Joe Blanton started this season more than seven months ago in Tokyo, as the Opening Day starter for the Oakland Athletics. He never could have imagined what he'd be doing five days before Halloween.
Blanton threw six strong innings and became the first pitcher to homer in a World Series game in 34 years as the Philadelphia Phillies climbed to the verge of their second title with a 10-2 bruising of the Tampa Bay Rays on Sunday night in Citizens Bank Park.
A red-clad, towel-waving crowd of 45,903 roared its approval as the Phillies took a 3-1 lead in the best-of-seven series. They can wrap it up tonight with ace Cole Hamels on the mound against Tampa Bay's Scott Kazmir in a Game One rematch.
The Phillies will be gunning for just the second title in their 126-year history, with their 1980 team being the other one to win a championship. Hamels will be trying to become the first starting pitcher in history to win five games in one postseason. He threw seven innings in Philadelphia's 3-2 victory over the Rays in Game One at Tropicana Field.
"When you're facing a team like this, anything can happen if you let down your guard," Blanton said. "The guys know that. We'll just go out and try to play the game right."
Back-on-track Ryan Howard lofted a three-run opposite-field homer to left in the fourth inning and a two-run bomb to right in the eighth for a five-RBI night.
Leadoff man Jimmy Rollins had three hits and scored three runs, and Jayson Werth added insurance with a two-run shot in the eighth.
Blanton was lifted after giving up a leadoff walk to Ben Zobrist in the seventh. He allowed two runs on four hits, struck out seven and walked two. He's 6-0 in 16 starts with the Phillies, combining the regular season and postseason, and the team is 12-4 in those games since he was acquired from Oakland in a July trade.
But what Blanton will be long remembered for on this night was what he did with his bat in the fifth inning.
Blanton struck out in the second and popped out feebly in the third, leaving the bases loaded. When he entered the batter's box to face Tampa Bay reliever Edwin Jackson with two outs in the fifth, Blanton was 2 for 33 in his career at the plate -- with 20 strikeouts, no extra-base hits and one RBI.

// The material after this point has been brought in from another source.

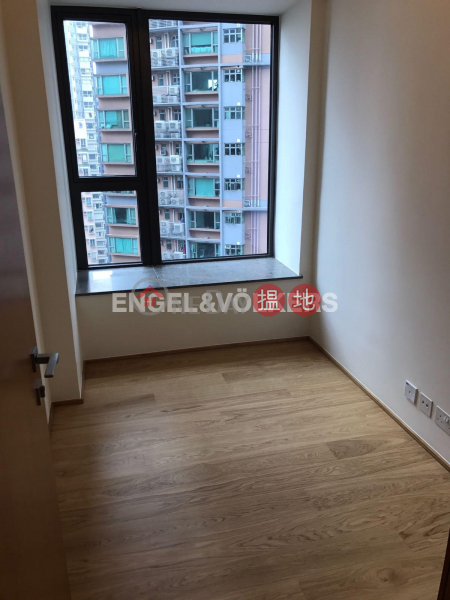 2 Bedroom Flat for Rent in Mid Levels West, 100 Caine Road | Western District | Hong Kong, Rental, HK$ 40,000/ month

Blanton worked ahead in the count, two balls and one strike, and then got a 93-mph fastball from Jackson just above the knees. He calmly hacked at it and drove a no-doubt blast well over the fence into the bleachers in left to close the Phillies' scoring.
"I just close my eyes and swing hard in case I make contact," Blanton said.
When did he open them?
"I think when I went out and had to throw the next warmup pitch the next inning."
The crowd erupted as the ball careened over the wall and Blanton's teammates exploded on the bench as well. For his part, the pitcher was calm and cool as he trotted around the bases. When he came out to pitch the next inning, Blanton got another huge ovation and tipped his cap to the fans.
"I saw it come off the bat and he was jogging [to first base] and I was like, 'He knows he got that,' " Rollins said. "Everything is going in slow motion. First home run in the World Series and I don't even do that. . . . It is surprising he got the barrel to the ball against a guy throwing that hard but anything can happen when you're swinging a piece of wood."
It was the first Series home run by a pitcher since Oakland's Ken Holtzman connected against Los Angeles in 1974, and the first postseason shot by a Phillies hurler since Steve Carlton's three-run blast against the Dodgers in the 1978 National League Championship Series.
"To have your first big-league home run be in a World Series, I don't think you can draw it up any better," Howard said.
While Blanton was having a career night, the Rays were putting up one of their poorer performances of the postseason.
Starting pitcher Andy Sonnanstine lasted just four innings, giving up five runs. Second baseman Akinori Iwamura booted leadoff ground balls in the third and fourth innings for errors and both runners scored.
And the heart of the Tampa Bay order was again pathetic. Carlos Pena went 0 for 3 with a walk and Evan Longoria was 0 for 4, dropping them to 0 for 13 and 0 for 16, respectively, in the series.
Longoria struck out three more times, giving him nine whiffs in the series. With each at-bat, Longoria drew the derisive "E-va, E-va" chants from the fans, a reference to the "Desperate Housewives" star with the same last name (they're not related).
"We just got to get back into it," Rays manager Joe Maddon said. "We know what's going on. We're just not reacting. We have to not give them four outs in an inning, we have to have better at-bats."